Основные течения в еврейской мистике (Шолем) - страница 26

. В целом же я склонен полагать, что одна из причин этого нежелания сообщить слишком личный характер самовыражению кроется в том, что евреи сохраняли необычайно острое чувство несовместимости мистического опыта с идеей Бога как Творца, Царя и Законодателя. Очевидно, что отсутствие автобиографического элемента служит серьёзной помехой для понимания психологического аспекта еврейской мистики, ибо для такого понимания прежде всего необходим автобиографический материал. В общем же можно утверждать, что на протяжении длительной истории каббалы встречается поразительно мало каббалистов, чьи учения и труды носили бы отпечаток сильной личности. Исключением из этого правила были люди, возглавившие после 1750 года хасидское движение. Отчасти это вызвано личной сдержанностью, характерной, как мы видели, для всех еврейских мистиков. Не менее существенно и то, что наши источники оставляют нас в совершенном неведении относительно личностей многих каббалистов, в том числе авторов, пользовавшихся огромным влиянием, чьи доктрины имело бы смысл изучать в свете биографического материала, если бы тот был нам доступен. Довольно часто источники того времени даже не упоминают их имён! Нередко также сохранялись только такие мистические трактаты и книги, на основании которых трудно или невозможно составить мнение об авторах как личностях. Исключения из этого правила весьма немногочисленны. Из сотен каббалистов, чьи сочинения нам известны, едва ли наберётся десяток, сведения о которых не исчерпывались бы несколькими малозначительными фактами, да и эти факты мало что дают нам для понимания их как личностей, если вообще что-нибудь дают. Сказанное относится, в частности, к Аврааму Абулафии (XIII век), Ицхаку Лурии (XVI век) и в позднейший период – к великому мистику и поэту Моше Хаиму Луцато из Падуи (умершему в 1747 году), чей пример типичен для обрисованной мною здесь ситуации. Несмотря на то, что мистические, назидательные и поэтические произведения Моше Хаима Луцато занимают несколько томов и многие из них опубликованы, истинная личность автора оставалась настолько в тени, что о нём почти ничего не было известно, кроме имени, пока в результате обнаружения и публикации доктором Шимоном Гинзбургом его переписки со своим учителем и друзьями не был пролит яркий свет на эту замечательную фигуру [XX].

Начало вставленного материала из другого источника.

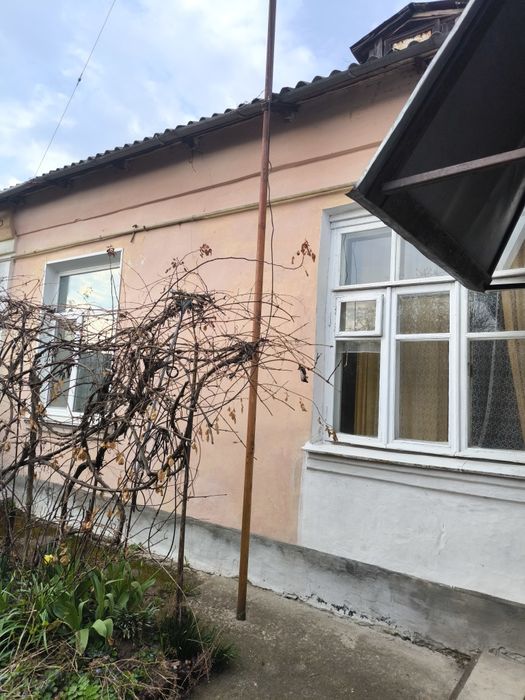 Продам ч/б із зручностями і гаражом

Будем надеяться, что со временем будут «открыты» и другие великие еврейские мистики, о которых нам известно ещё очень мало.

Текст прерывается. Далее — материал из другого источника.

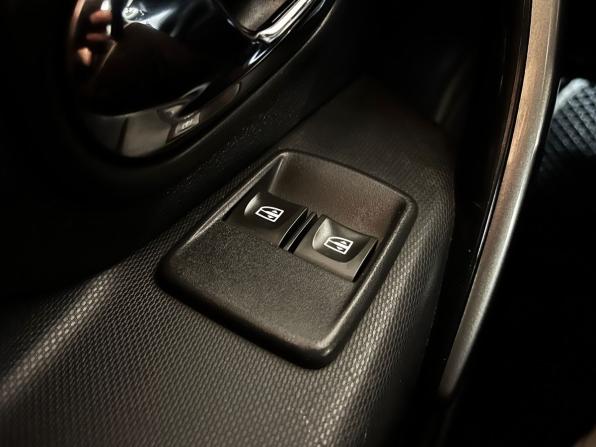 Renault Sandero II с пробегом 2016 года, цена 1 029 900 рублей, 132000 км, хэтчбек, Автокод Объявления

Во-вторых, я пришёл к тому выводу, что каббала отличается своим необычайно положительным отношением к языку. Каббалисты, расходившиеся почти во всём остальном, были едины в том, что видели в языке нечто более ценное, чем несовершенное орудие общения между человеческими существами. В противоположность теории языка, господствовавшей в Средние века, они видели в языке иврит, святом языке, не просто средство для выражения определённых мыслей, не язык, порожденный соглашением и носящий чисто условный характер. Язык в своей чистейшей форме, то есть язык иврит, по мнению каббалистов, отражает фундаментальную духовную природу мира. Иными словами, он обладает мистической ценностью. Речь доходит до Бога, потому что она исходит от Бога. В человеческой речи, которая, по крайней мере на первый взгляд, носит исключительно познавательный характер, отражается созидательный язык Бога. Всё творение – и это важный принцип большинства каббалистов – для Бога есть лишь выражение Его сокрытой сущности, начало и конец которой заключаются в наречении Себя самого именем, святым именем Бога. Это вечный акт творения. Всё сущее есть лишь выражение языка Бога, и что может в конце концов возвестить откровение, если не имя Бога?